# feeling happy and strong



## droll (Nov 11, 2014)

Hi guys I'm back. Today is the 19th day that I don't drink alcohol. I'm struggling for it, but I have to do this for my family to bring them back to my life. Thank you for AA meeting they helped me a lot and thank you for those people who give me support and care.


----------



## EleGirl (Dec 3, 2011)

I'm glad to hear that you are sticking to your plan and doing better.
I'm sure that it's hard.


----------



## thatbpguy (Dec 24, 2012)

Awesome!

You can and will do this. For you as well as for your family.


----------



## Forest (Mar 29, 2014)

Good news. 

Practice what I call "conscious forgetfullness". Anytime you mind wanders to the subject of alcohol (or whatever else bothers you) force yourself to immediately drop it, and just forget it.

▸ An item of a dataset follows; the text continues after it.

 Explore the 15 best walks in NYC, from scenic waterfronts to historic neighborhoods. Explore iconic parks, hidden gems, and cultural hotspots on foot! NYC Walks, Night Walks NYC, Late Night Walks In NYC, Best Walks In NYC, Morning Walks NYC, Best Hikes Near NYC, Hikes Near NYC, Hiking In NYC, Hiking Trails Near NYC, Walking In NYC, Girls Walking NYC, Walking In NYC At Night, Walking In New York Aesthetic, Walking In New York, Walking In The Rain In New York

Stay busy, look for any thing to do, and do it.


----------



## Waits4Mr.Right (Oct 29, 2011)

That's awesome! Stay strong. You can do this for yourself...and your family. Do it for you 1st though.


----------



## Ikaika (Apr 23, 2012)

Feel free to join us at

http://talkaboutmarriage.com/showthread.php?t=202698


----------



## FatherofTwo (Dec 6, 2014)

Absolutely outstanding !! I hope this continues for you and your family !!

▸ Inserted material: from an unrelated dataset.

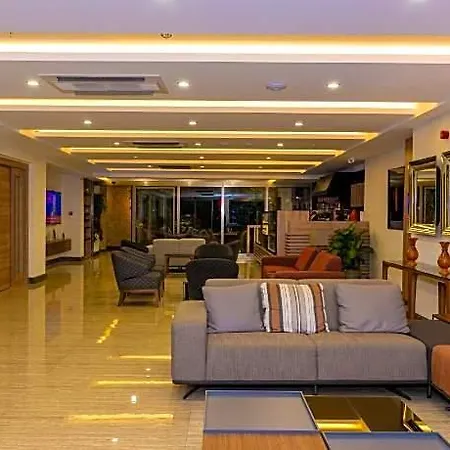 38 Hotel 4*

If ever you're tempted and you will be ....... think about the wife and children not being in your life and that should make you ask for an ice cold glass of Sprite instead !! 

Good luck !!


----------



## droll (Nov 11, 2014)

Thank you guys! I will not stop until I don't get sober and clean.


----------



## Ikaika (Apr 23, 2012)

You aren't drinking are you? How many days, weeks, months, years?


----------



## droll (Nov 11, 2014)

Yeah I don't it's almost a month now


----------



## Ikaika (Apr 23, 2012)

Stay strong. This is a rough time of year in my experience. If you need to talk, I will stick around on this thread. Please stay strong, it is so worth it. 

I can tell you the first three months are the hardest.


----------



## Ikaika (Apr 23, 2012)

Droll, 

How are you doing?


----------



## droll (Nov 11, 2014)

Hi ikaika

I'm doing great. How about you?


----------



## Ikaika (Apr 23, 2012)

I'm good, the key for me is to stay busy with alternative activities. It is a tough time of year, but I also have a lot of family support.


----------